- [What you have to do]:
Find every line below with "sheet" in it and give only how many there are.

- [Stored data]:
________________

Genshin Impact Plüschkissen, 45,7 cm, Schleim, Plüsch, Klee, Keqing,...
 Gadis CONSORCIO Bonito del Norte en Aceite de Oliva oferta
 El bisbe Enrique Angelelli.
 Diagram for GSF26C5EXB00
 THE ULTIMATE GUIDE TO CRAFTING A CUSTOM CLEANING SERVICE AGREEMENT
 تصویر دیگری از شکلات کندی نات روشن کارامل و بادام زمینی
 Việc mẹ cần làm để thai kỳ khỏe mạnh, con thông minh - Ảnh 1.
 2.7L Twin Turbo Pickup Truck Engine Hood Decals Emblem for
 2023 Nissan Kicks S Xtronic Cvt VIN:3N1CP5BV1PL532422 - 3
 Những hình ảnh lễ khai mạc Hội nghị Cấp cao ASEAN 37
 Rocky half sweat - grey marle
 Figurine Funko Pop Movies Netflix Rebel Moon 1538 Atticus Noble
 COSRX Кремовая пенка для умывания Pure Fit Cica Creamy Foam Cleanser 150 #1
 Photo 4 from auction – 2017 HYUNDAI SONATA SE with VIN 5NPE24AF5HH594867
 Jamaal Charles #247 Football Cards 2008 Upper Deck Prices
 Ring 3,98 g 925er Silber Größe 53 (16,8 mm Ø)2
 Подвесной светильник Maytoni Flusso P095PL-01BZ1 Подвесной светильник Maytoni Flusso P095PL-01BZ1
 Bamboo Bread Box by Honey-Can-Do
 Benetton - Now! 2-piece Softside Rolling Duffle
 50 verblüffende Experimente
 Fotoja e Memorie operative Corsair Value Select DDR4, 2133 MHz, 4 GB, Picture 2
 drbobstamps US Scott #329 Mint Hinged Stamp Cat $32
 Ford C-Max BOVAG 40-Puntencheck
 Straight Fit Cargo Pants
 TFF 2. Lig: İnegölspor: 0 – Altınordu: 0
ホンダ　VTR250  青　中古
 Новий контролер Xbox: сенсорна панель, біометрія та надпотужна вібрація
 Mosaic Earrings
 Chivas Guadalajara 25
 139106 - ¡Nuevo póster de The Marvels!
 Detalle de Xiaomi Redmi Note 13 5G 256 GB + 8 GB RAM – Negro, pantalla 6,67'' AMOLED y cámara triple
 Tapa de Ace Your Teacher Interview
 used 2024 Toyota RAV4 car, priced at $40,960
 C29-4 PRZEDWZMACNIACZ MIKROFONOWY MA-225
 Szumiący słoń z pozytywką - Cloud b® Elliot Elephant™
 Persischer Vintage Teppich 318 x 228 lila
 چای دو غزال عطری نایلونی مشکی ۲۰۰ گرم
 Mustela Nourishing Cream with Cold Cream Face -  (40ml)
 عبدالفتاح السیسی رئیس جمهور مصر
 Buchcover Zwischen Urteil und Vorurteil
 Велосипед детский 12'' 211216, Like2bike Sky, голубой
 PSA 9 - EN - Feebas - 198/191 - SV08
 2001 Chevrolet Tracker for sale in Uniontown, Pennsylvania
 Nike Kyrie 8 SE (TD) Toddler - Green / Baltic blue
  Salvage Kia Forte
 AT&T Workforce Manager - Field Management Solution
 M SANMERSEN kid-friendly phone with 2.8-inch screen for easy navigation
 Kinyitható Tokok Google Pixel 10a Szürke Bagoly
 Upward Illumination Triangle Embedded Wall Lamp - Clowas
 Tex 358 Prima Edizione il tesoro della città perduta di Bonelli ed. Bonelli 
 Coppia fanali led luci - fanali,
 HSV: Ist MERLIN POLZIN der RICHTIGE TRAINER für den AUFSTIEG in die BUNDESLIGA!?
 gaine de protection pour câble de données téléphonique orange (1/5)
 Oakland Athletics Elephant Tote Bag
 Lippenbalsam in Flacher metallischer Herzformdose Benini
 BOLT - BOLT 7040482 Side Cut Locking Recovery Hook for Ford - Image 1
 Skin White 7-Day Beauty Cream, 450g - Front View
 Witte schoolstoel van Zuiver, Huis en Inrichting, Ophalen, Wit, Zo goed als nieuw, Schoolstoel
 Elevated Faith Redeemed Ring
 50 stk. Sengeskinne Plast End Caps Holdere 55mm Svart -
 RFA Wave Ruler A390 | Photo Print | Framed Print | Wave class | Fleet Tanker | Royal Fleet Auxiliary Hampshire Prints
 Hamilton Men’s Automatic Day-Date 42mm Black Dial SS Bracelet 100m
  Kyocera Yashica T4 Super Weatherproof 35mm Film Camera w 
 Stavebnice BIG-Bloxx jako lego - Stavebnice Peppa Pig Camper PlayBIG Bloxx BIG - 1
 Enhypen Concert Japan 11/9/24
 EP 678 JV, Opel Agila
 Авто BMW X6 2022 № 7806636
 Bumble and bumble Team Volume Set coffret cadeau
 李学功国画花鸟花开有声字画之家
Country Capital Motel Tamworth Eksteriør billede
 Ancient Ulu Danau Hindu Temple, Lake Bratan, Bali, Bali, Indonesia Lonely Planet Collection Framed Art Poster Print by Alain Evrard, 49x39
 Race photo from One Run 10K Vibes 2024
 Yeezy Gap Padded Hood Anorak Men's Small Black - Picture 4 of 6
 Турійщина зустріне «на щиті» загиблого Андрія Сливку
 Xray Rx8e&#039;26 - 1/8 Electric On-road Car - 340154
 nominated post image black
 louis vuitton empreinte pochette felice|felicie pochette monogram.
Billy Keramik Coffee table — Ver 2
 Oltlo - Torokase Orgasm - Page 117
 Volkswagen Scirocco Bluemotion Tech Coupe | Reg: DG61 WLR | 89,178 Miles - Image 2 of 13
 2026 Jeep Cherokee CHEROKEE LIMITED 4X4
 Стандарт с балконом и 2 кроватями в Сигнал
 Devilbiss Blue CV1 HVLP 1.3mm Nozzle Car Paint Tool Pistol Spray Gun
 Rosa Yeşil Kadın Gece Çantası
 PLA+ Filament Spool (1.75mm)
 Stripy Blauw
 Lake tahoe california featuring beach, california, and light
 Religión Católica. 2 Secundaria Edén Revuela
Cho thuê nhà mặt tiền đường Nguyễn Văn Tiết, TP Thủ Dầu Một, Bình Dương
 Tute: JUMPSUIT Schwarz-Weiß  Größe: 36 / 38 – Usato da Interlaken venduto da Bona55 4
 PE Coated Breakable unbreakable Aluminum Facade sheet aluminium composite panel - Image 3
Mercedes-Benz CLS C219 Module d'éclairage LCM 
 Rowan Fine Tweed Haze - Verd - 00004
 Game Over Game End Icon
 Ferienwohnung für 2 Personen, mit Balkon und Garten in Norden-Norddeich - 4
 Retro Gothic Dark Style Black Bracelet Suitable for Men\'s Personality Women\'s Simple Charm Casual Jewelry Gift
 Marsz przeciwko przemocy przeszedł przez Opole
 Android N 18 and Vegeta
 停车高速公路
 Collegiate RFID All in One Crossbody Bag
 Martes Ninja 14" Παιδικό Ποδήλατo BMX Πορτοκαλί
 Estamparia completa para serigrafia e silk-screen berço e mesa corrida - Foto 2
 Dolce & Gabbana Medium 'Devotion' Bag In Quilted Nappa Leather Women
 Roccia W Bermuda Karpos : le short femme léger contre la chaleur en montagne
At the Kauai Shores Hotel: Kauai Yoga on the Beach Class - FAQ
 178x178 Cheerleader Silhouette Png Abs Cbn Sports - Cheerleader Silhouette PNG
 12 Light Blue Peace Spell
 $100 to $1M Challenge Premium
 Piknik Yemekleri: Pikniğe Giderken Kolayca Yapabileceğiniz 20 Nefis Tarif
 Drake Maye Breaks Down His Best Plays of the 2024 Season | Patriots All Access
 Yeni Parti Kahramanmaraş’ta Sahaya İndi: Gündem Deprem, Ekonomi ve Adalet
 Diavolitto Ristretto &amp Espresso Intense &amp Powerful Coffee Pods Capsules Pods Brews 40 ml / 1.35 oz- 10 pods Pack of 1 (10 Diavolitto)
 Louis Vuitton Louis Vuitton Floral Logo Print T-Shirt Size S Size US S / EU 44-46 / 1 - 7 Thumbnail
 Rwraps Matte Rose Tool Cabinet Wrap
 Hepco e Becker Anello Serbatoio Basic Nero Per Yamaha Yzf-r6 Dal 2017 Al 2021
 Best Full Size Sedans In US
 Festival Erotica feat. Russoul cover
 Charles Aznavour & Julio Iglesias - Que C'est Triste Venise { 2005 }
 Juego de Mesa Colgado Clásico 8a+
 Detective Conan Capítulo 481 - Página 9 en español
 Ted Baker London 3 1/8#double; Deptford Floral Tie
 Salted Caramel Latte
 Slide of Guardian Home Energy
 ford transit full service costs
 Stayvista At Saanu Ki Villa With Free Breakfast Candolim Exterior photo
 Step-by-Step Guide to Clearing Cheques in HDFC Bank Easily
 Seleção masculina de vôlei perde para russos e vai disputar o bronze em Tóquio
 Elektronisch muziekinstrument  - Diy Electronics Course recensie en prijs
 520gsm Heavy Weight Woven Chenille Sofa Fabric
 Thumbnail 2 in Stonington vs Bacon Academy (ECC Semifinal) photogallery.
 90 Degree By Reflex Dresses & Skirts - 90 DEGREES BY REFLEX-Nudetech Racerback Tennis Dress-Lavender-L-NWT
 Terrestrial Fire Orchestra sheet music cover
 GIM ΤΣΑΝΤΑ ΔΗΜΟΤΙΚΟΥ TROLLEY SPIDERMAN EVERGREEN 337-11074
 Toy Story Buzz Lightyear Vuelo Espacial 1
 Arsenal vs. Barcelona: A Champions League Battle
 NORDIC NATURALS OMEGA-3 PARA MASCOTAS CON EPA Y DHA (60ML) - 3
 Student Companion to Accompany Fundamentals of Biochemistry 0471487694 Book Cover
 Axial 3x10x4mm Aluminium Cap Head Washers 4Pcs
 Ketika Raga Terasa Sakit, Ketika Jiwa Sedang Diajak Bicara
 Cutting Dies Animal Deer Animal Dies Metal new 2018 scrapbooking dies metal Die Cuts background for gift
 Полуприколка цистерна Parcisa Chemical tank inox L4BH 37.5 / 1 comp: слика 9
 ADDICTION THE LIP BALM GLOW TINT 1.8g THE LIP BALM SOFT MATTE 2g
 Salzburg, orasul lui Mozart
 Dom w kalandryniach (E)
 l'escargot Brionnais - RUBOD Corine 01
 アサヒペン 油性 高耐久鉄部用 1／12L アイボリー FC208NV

________________

- [Response for this exercise]:
2